• Work order
Once the images are set aside, output the listing exactly as it stands.

• Data shown
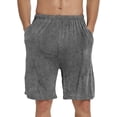 thumbnail image 3 of MoFiz Men's Solid Bamboo Pajama Shorts with Pockets Loungewear 3-Pack for Men, 3 of 6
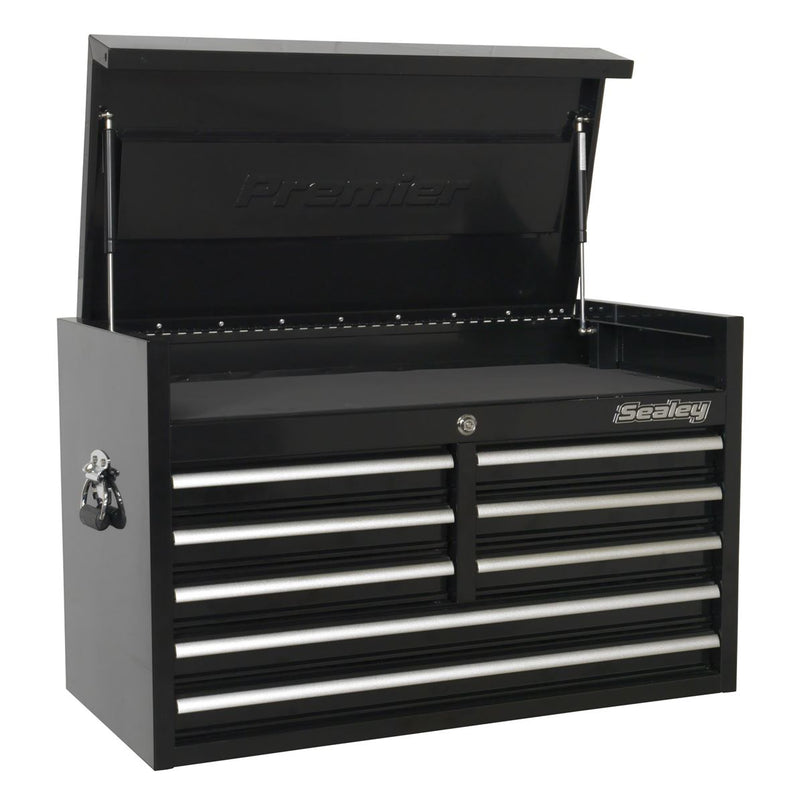 Sealey Premier&trade; Heavy-Duty Topchest 915mm 8 Drawer - Black PTB91508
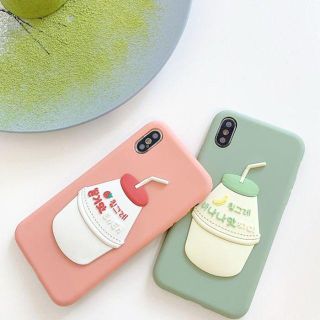 iPhoneX/XS　バナナウユ♥バナナ牛乳タルギウユ(イチゴ牛乳)　ケース(iPhoneケース)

• Exercise answer
 thumbnail image 3 of MoFiz Men's Solid Bamboo Pajama Shorts with Pockets Loungewear 3-Pack for Men, 3 of 6
 Sealey Premier&trade; Heavy-Duty Topchest 915mm 8 Drawer - Black PTB91508
 iPhoneX/XS　バナナウユ♥バナナ牛乳タルギウユ(イチゴ牛乳)　ケース(iPhoneケース)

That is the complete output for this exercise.